**COLLECTED DATA:**
**********

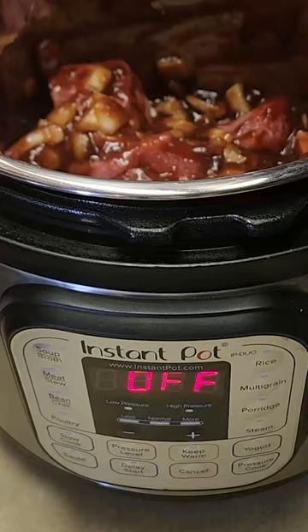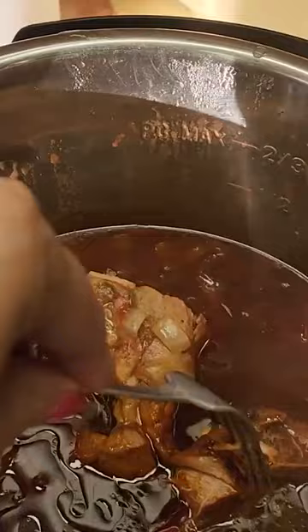Put on the lid, turn the valve to pressure, and set the time to 30 minutes. In the end you have this delicious Polo Park barbecue pork recipe to enjoy for dinner on those quick and easy nights all through school year and during harvest or any type of busy season.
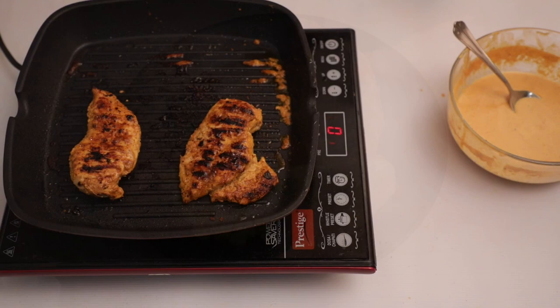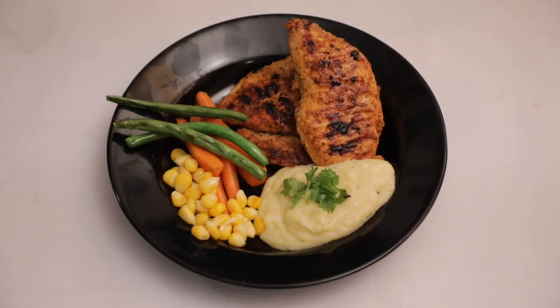Now we will serve it. As you can see, grilled chicken with mashed potatoes and veggies is ready to eat.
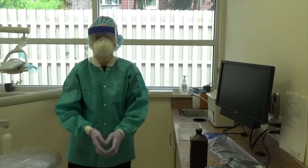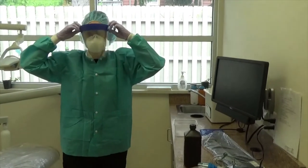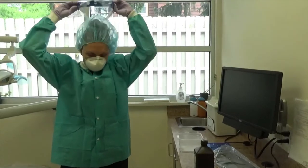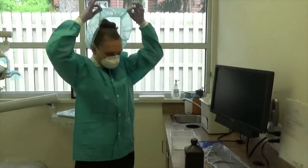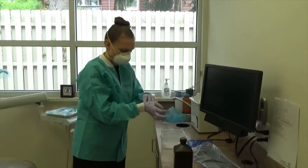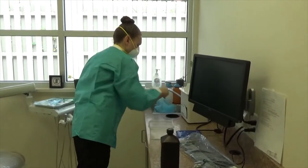Now we're going to talk about when you're going to be going to lunch and at the end of the day. You're going to use the peroxide nebulization or the ozone. You're going to remove your face shield and your head covering. You're going to take your gloves off because they have now been contaminated because you've touched something that has already been covered with aerosol.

**********

**YOUR GOAL:** What is needed is a verbatim copy of the lines running from the one with "Now we will" through the last line of the listing above, excluding any pictures.

**RESULT OF THIS EXERCISE:**
Now we will serve it. As you can see, grilled chicken with mashed potatoes and veggies is ready to eat.
Now we're going to talk about when you're going to be going to lunch and at the end of the day. You're going to use the peroxide nebulization or the ozone. You're going to remove your face shield and your head covering. You're going to take your gloves off because they have now been contaminated because you've touched something that has already been covered with aerosol.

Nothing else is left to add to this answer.